(Exercise requirements): Could you retype the lines below, starting at the line holding "Kommerzialisierung der Cyberkriminalität" and stopping at the line holding "Studio Apartment Sea View", inclusive? Copy them exactly and drop the images.

(The data):
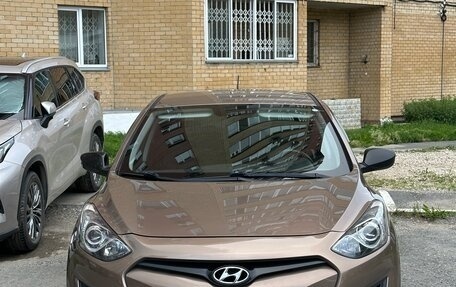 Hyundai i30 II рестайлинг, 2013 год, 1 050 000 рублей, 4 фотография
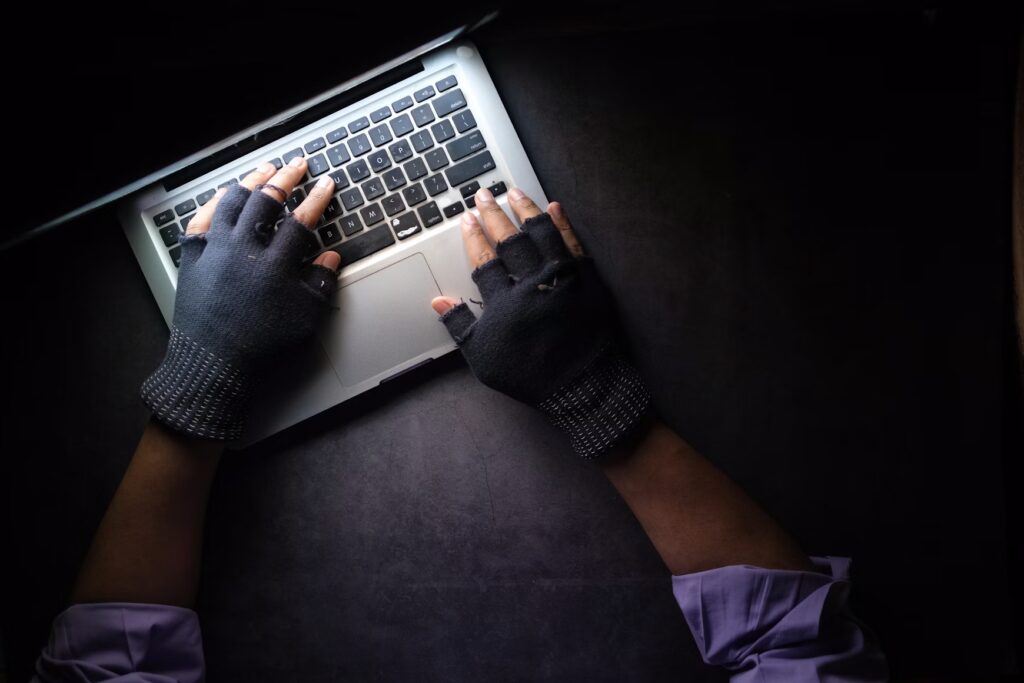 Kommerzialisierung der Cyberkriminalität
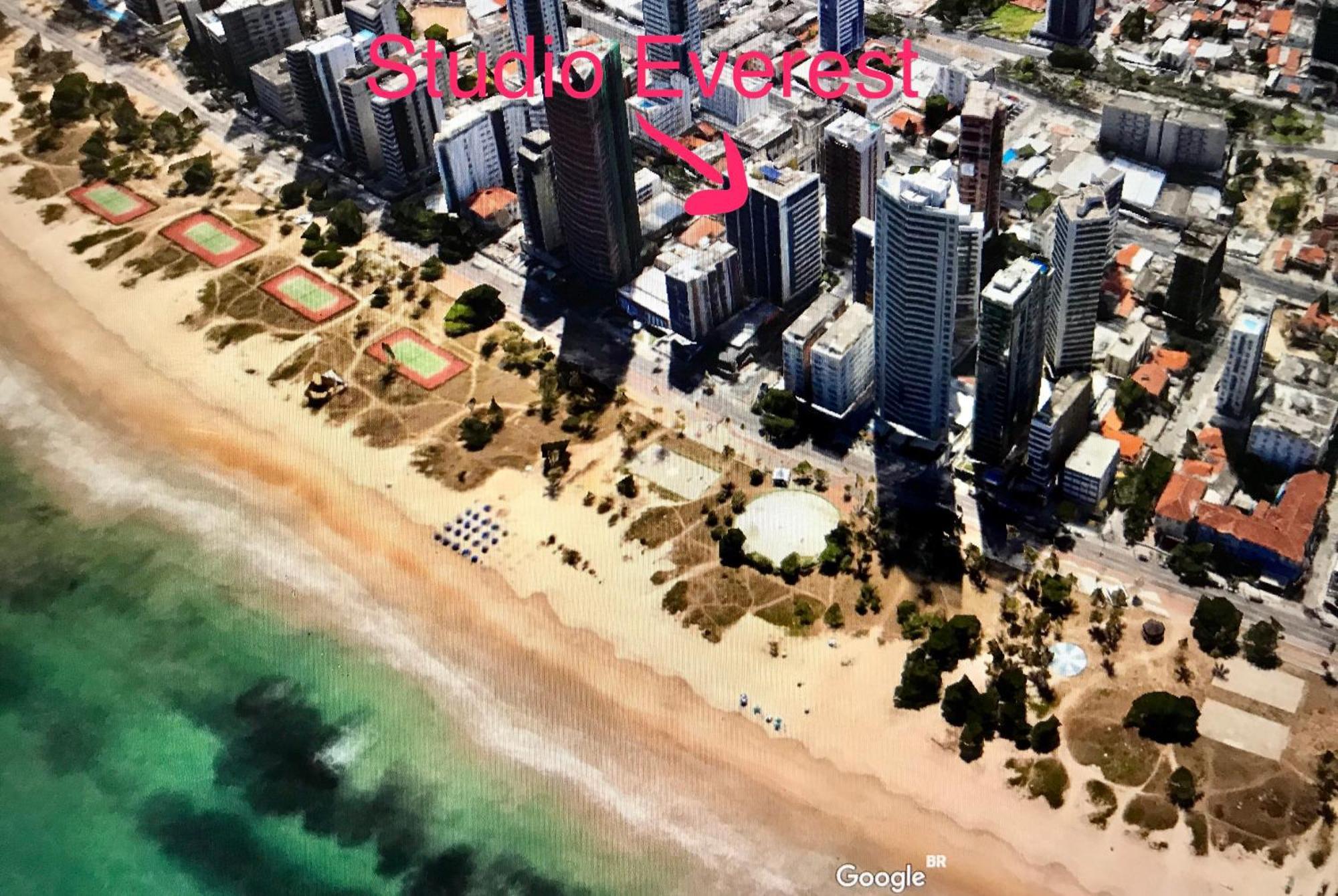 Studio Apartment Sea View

...

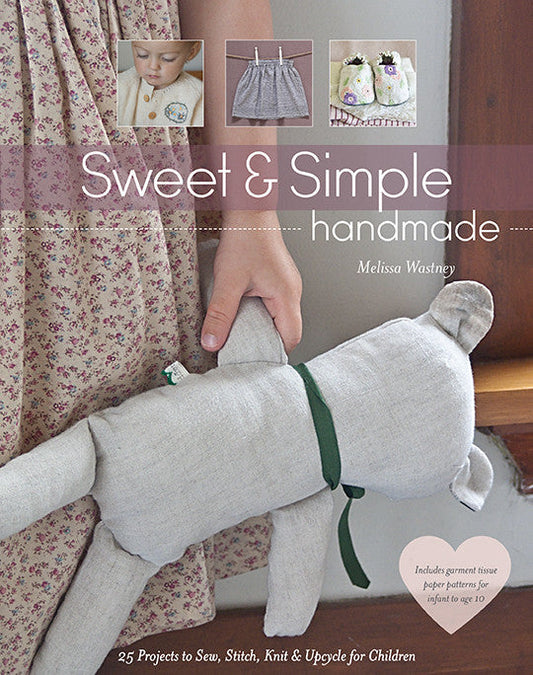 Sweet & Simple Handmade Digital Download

...

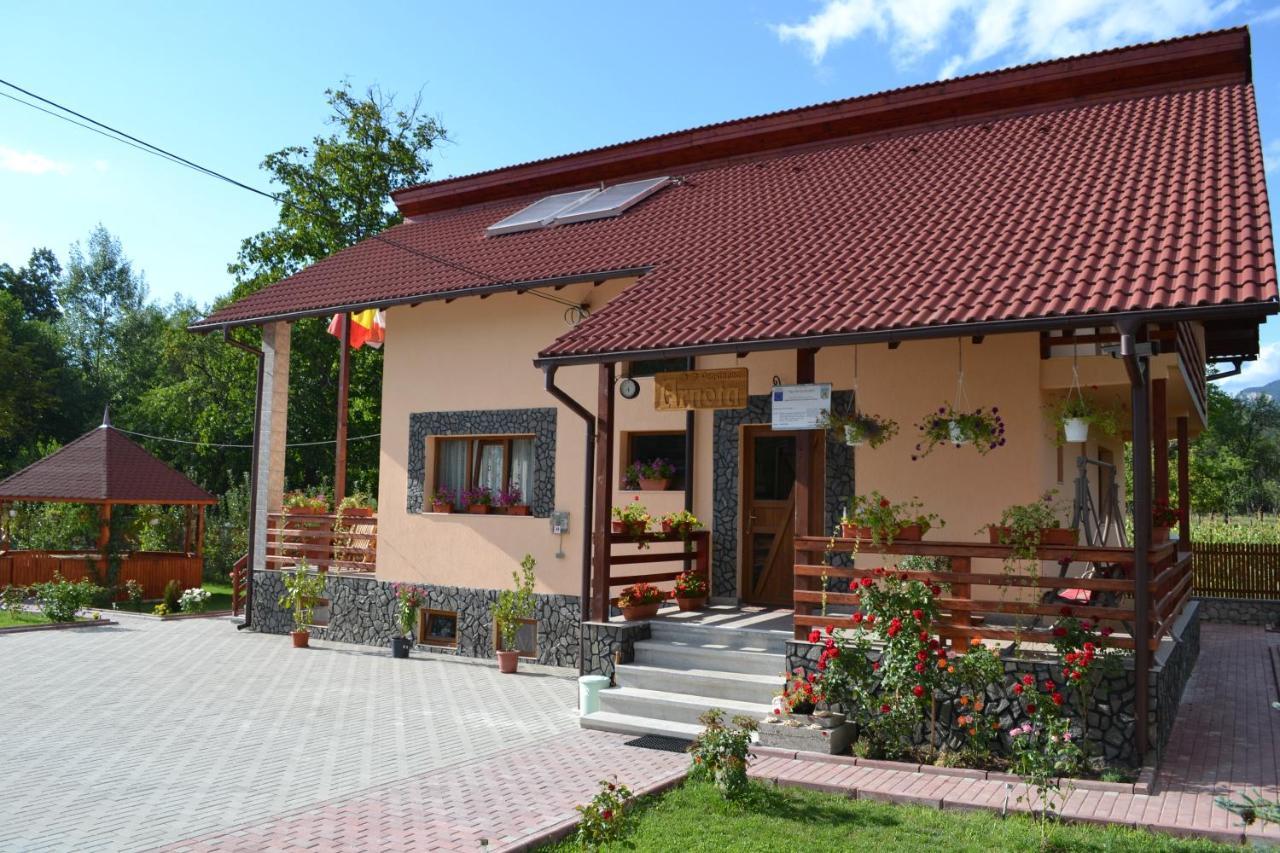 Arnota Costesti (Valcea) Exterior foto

(The completed task):
 Kommerzialisierung der Cyberkriminalität
 Studio Apartment Sea View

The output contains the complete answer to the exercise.